--- Provided records ---
::::

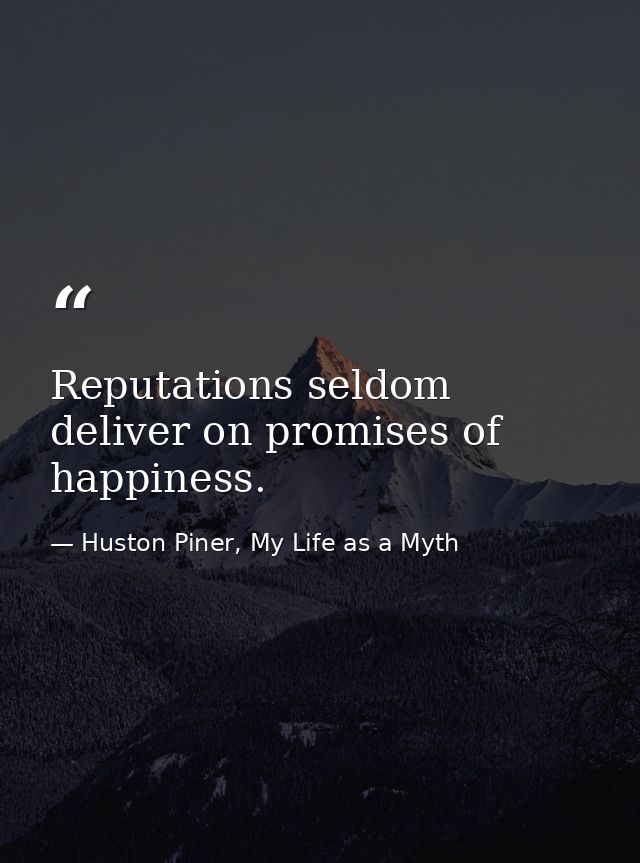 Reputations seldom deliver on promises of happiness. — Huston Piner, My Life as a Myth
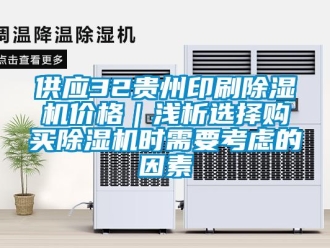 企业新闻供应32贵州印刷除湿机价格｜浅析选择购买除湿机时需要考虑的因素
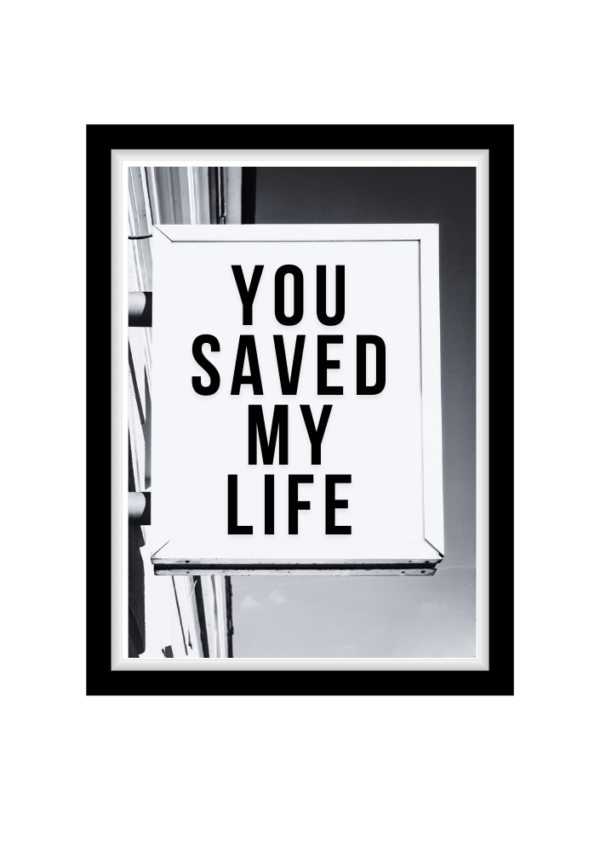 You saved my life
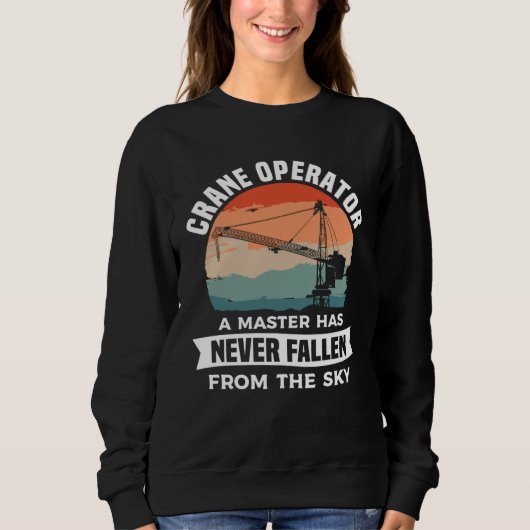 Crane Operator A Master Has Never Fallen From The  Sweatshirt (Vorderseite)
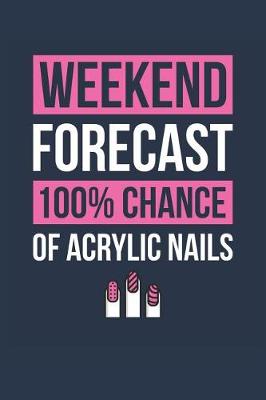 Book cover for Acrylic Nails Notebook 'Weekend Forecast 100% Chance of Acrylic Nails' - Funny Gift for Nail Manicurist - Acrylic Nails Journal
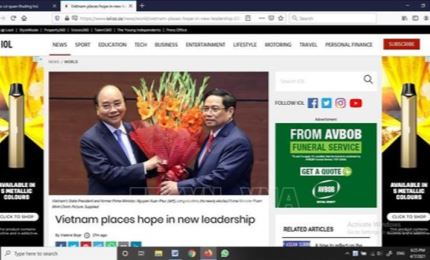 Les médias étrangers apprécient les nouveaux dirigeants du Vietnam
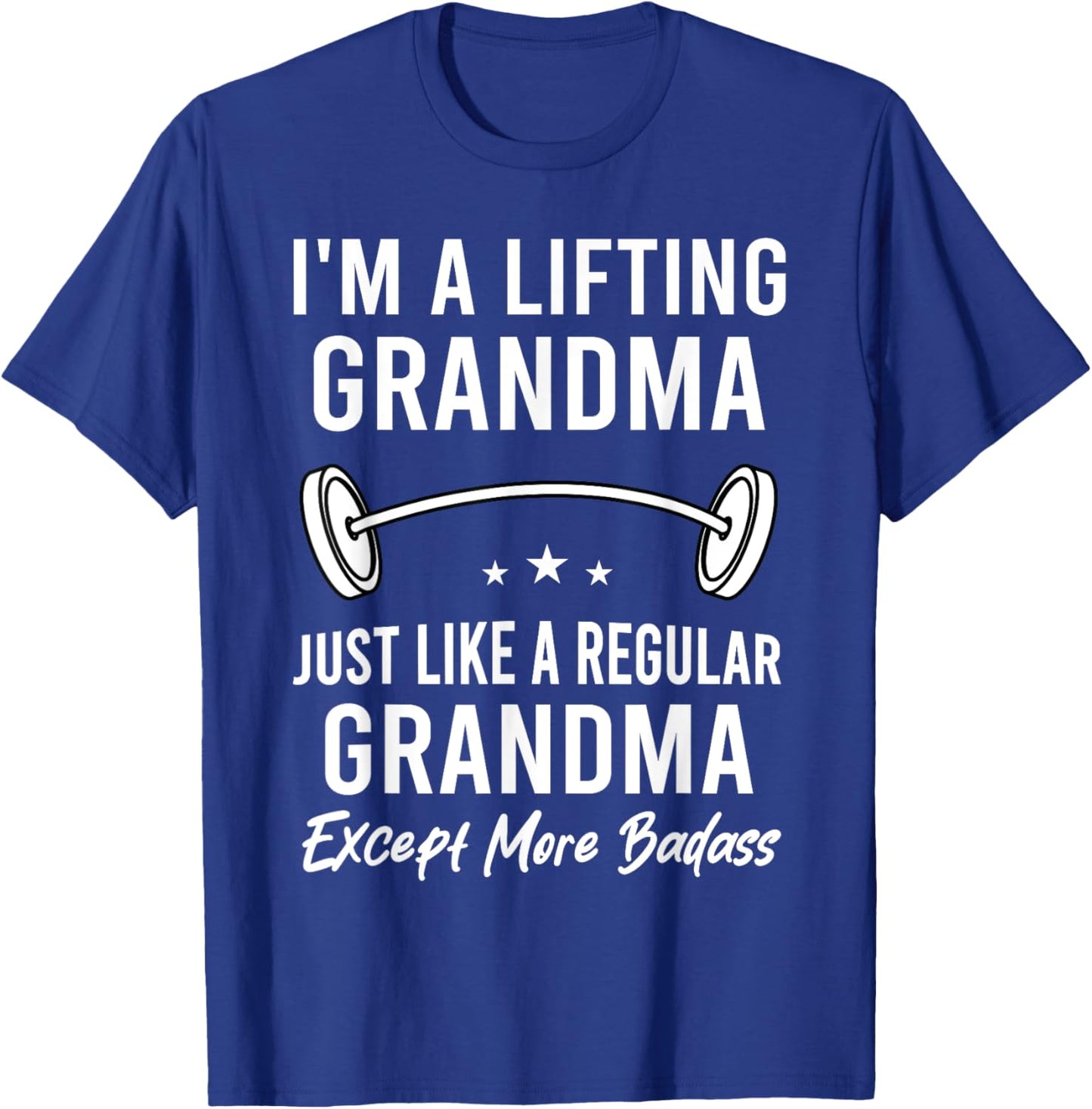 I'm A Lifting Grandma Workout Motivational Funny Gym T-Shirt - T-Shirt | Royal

::::

Set down the complete material exactly, but do not include the images.

--- Exercise solution ---
 Reputations seldom deliver on promises of happiness. — Huston Piner, My Life as a Myth
 企业新闻供应32贵州印刷除湿机价格｜浅析选择购买除湿机时需要考虑的因素
 You saved my life
 Crane Operator A Master Has Never Fallen From The  Sweatshirt (Vorderseite)
 Book cover for Acrylic Nails Notebook 'Weekend Forecast 100% Chance of Acrylic Nails' - Funny Gift for Nail Manicurist - Acrylic Nails Journal
 Les médias étrangers apprécient les nouveaux dirigeants du Vietnam
 I'm A Lifting Grandma Workout Motivational Funny Gym T-Shirt - T-Shirt | Royal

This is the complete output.